Being a massive fan of Margaret Lockwood and her iconic film, The Wicked Lady (1945), this book was a treat to read. It is based on the real life heiress, Lady Katherine Ferrars, whose privileged world is crumbling under Cromwell’s army. Married off for the sake of money and breeding, she discovers an exciting life with the roguish Ralph Chaplin, and the pair become highway robbers in a bid to find excitement and escape poverty. She knows if she is caught there is only one way it can end: death. But that excites her all the more. The Silvered Heart is Katherine Clements’s second novel – her debut, The Crimson Ribbon, was published to much acclaim. A wizard of a storyteller and master of the genre, Clement’s follow-up novel does not disappoint. In fact, I loved it!
A Year of Marvellous Ways, set in 1947, can be described as a fairytale for adults. Except for the war and Francis Drake’s life in London, nothing about the book seems real or logical. Marvellous Ways, a ninety-year-old woman who lives in a remote creek, rescues Drake when he, quite literally, washes up in the creek. The pair forge an unlikely friendship, the cold and crass Drake, and the whimsical old lady whose mother was a mermaid. I hadn’t read anything by Sarah Winman before so I was unsure what to expect. At first glance, the book seemed bizarre, but as it progressed, I got into the story of Drake and Marvellous. It is written in a unique style, for example there are no speech marks to indicate a character is talking. So that, in a way, threw me. The parts detailing Drake’s life are explicitly written, which was a bit unnerving, but like the character’s demeanour, you become used to it. What struck me was Winman’s gorgeous imagery, beautiful passages and imaginative storytelling. Quirky and slightly harebrained, A Year of Marvellous Ways is an unforgettable book.
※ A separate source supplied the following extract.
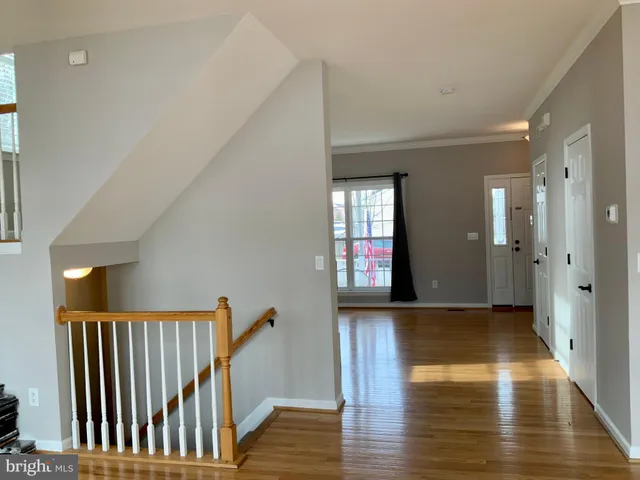 a view of an empty room and kitchen view with wooden floor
A metaphysical thriller beginning in 1984, The Bone Clocks chronicles teenage runaway Holly Sykes who encounters and elderly lady offering a small act of kindness in exchange for asylum. However, decades pass before Holly understands what sort of asylum the woman is seeking. We follow the twists and turns of Holly’s life from a scarred adolescence in Gravesend to old age on Ireland’s Atlantic coast as Europe’s oil supply dries up – a life not so far out of the ordinary, yet punctuated by flashes of precognition, visits from people who emerge from thin air and brief lapses in the laws of reality. For Holly Sykes – daughter, sister, mother, guardian – is also an unwitting player in a murderous feud played out in the shadows and margins of our world, and may prove to be its decisive weapon. The Bone Clocks is a bewitching tale of time-travel, human frailty and flawed characters.
And finally the book that has left me so bedazzled…..I can’t say anything because I’m at risk of revealing spoilers (just as Meems!) so I’ll leave you with the synopsis:
What if you had the chance to live your life again and again, until you finally got it right?
During a snowstorm in England in 1910, a baby is born and dies before she can take her first breath.
During a snowstorm in England in 1910, the same baby is born and lives to tell the tale.
What if there were second chances? And third chances? In fact an infinite number of chances to live your life? Would you eventually be able to save the world from its own inevitable destiny? And would you even want to?
Life After Life follows Ursula Todd as she lives through the turbulent events of the last century again and again. With wit and compassion, Kate Atkinson finds warmth even in life’s bleakest moments, and shows an extraordinary ability to evoke the past. Here she is at her most profound and inventive, in a novel that celebrates the best and worst of ourselves.